• **WORK ITEM**
Using the data that follows, give again word for word the lines between the one holding "DRUNCLE Kids Long Sleeve T-Shirt" and the one holding "relaevamente alla fissazione", inclusive. Omit the pictures.

Top of RECORDS PROVIDED

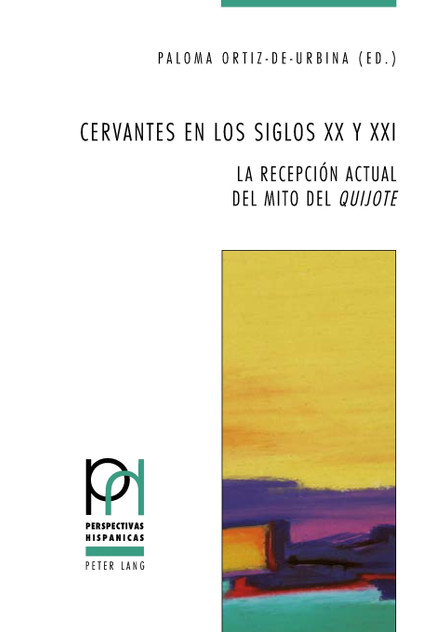 Cervantes en los siglos XX y XXI Cervantes en los siglos XX y XXI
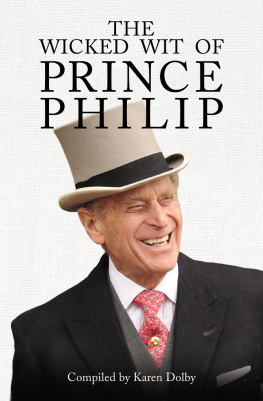 Karen Dolby - The Wicked Wit of Prince Philip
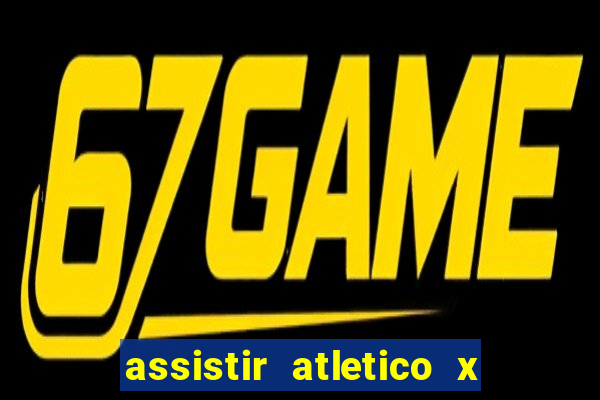 assistir atletico x botafogo futemax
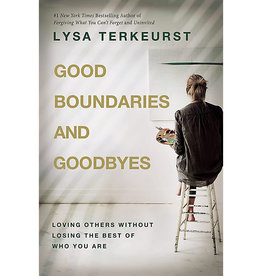 Lysa Terkeurst Good Boundaries and Goodbyes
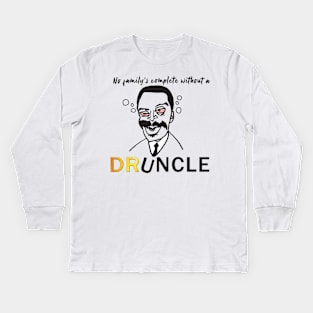 DRUNCLE Kids Long Sleeve T-Shirt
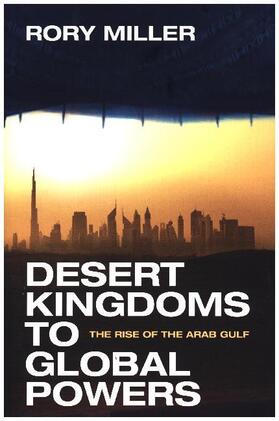Miller | Desert Kingdoms to Global Powers | Buch | 978-0-300-19234-6 | www.sack.de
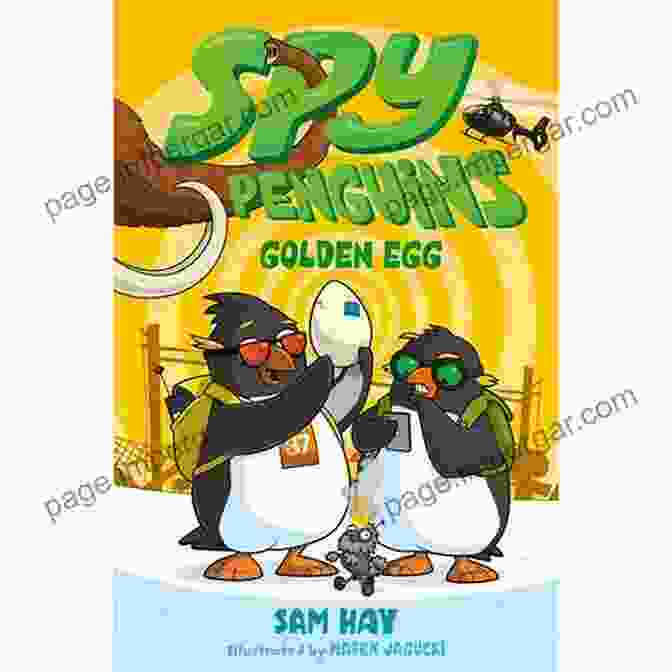 Spy Penguins: Golden Egg Book Cover Spy Penguins: Golden Egg Peter Miles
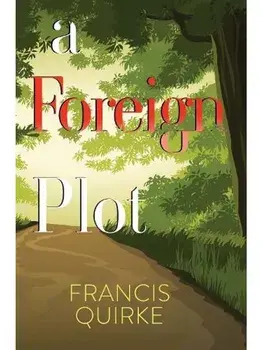 A Foreign Plot, Paperback/Francis Quirke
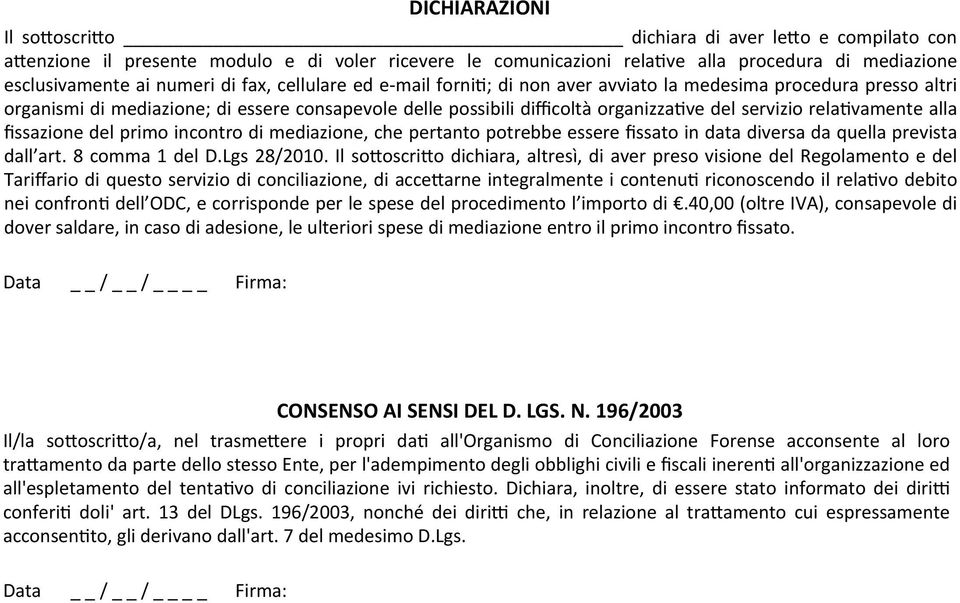 relaevamente alla fissazione del primo incontro di mediazione, che pertanto potrebbe essere fissato in data diversa da quella prevista dall art. 8 comma 1 del D.Lgs 28/2010.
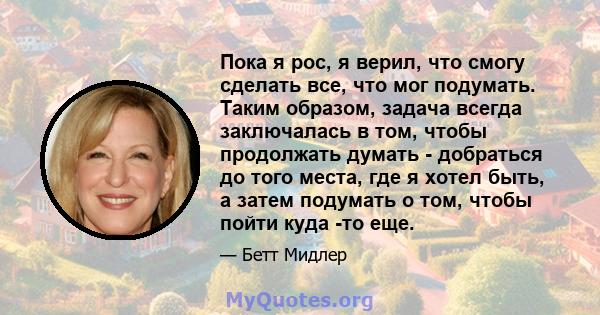 Пока я рос, я верил, что смогу сделать все, что мог подумать. Таким образом, задача всегда заключалась в том, чтобы продолжать думать - добраться до того места, где я хотел быть, а затем подумать о том, чтобы пойти куда 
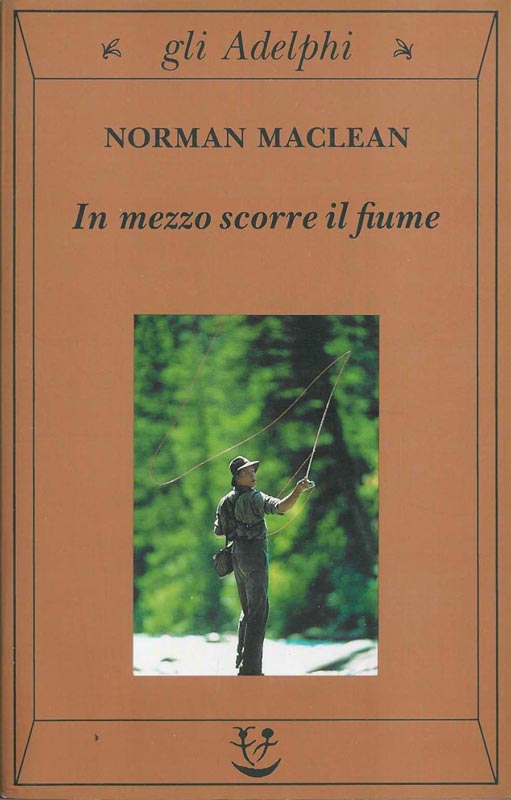 “In mezzo scorre il fiume” – Norman Maclean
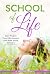 SCHOOL OF LIFE: Gain Wisdom...
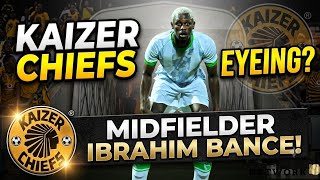 DONE DEAL NEARLY?! 🚨 Ibrahim Bance To Kaizer Chiefs! Why Amakhosi Are Stacking Midfielders!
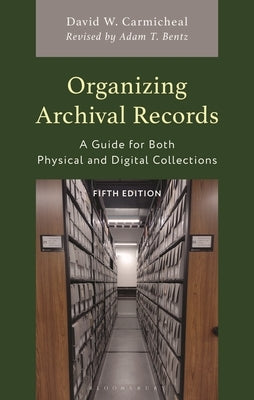 Organizing Archival Records: A Guide for Both Physical and Digital Collections by Carmicheal, David W.
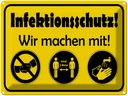 Blechschild 30x40 cm Infektionsschutz wir machen mit Warnschild Hinweisschild Sicherheit Vorsicht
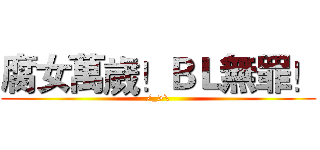 腐女萬歲！ＢＬ無罪！ (/_>\)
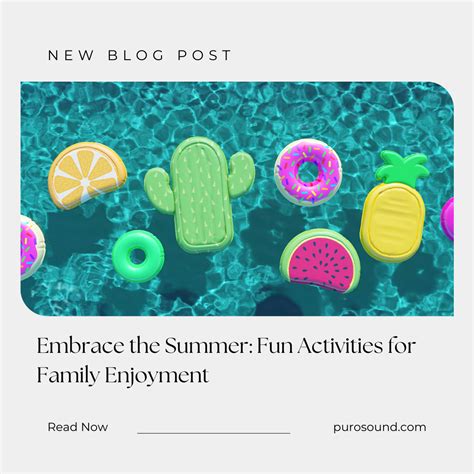 Embrace the Summer Fun!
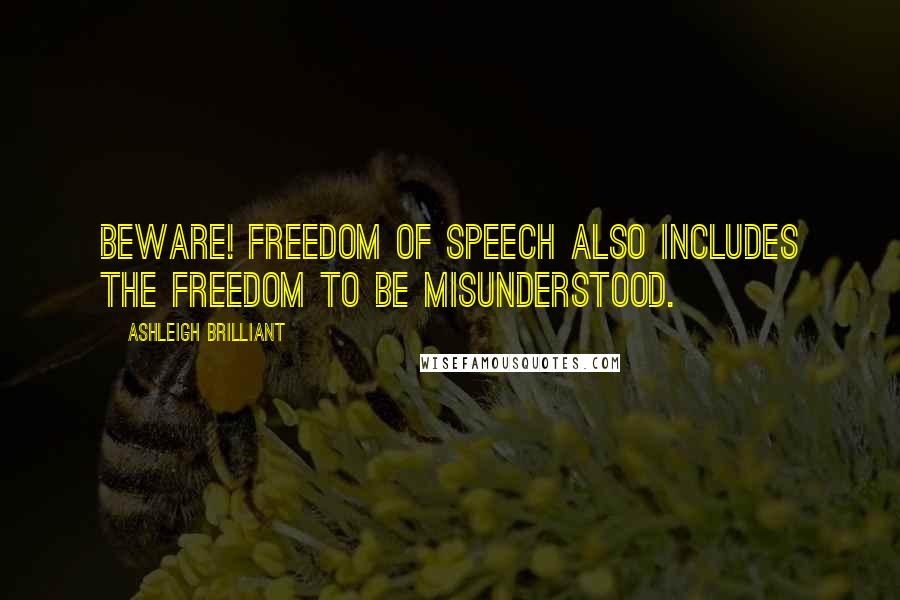 Ashleigh Brilliant Quotes: Beware! Freedom of speech also includes the freedom to be misunderstood.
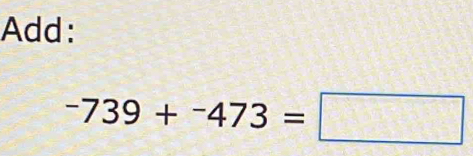 Add:
-739+^-473=□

Bottom of RECORDS PROVIDED

• **TASK RESULT**
 DRUNCLE Kids Long Sleeve T-Shirt
Miller | Desert Kingdoms to Global Powers | Buch | 978-0-300-19234-6 | www.sack.de
 Spy Penguins: Golden Egg Book Cover Spy Penguins: Golden Egg Peter Miles
 A Foreign Plot, Paperback/Francis Quirke
 relaevamente alla fissazione del primo incontro di mediazione, che pertanto potrebbe essere fissato in data diversa da quella prevista dall art. 8 comma 1 del D.Lgs 28/2010.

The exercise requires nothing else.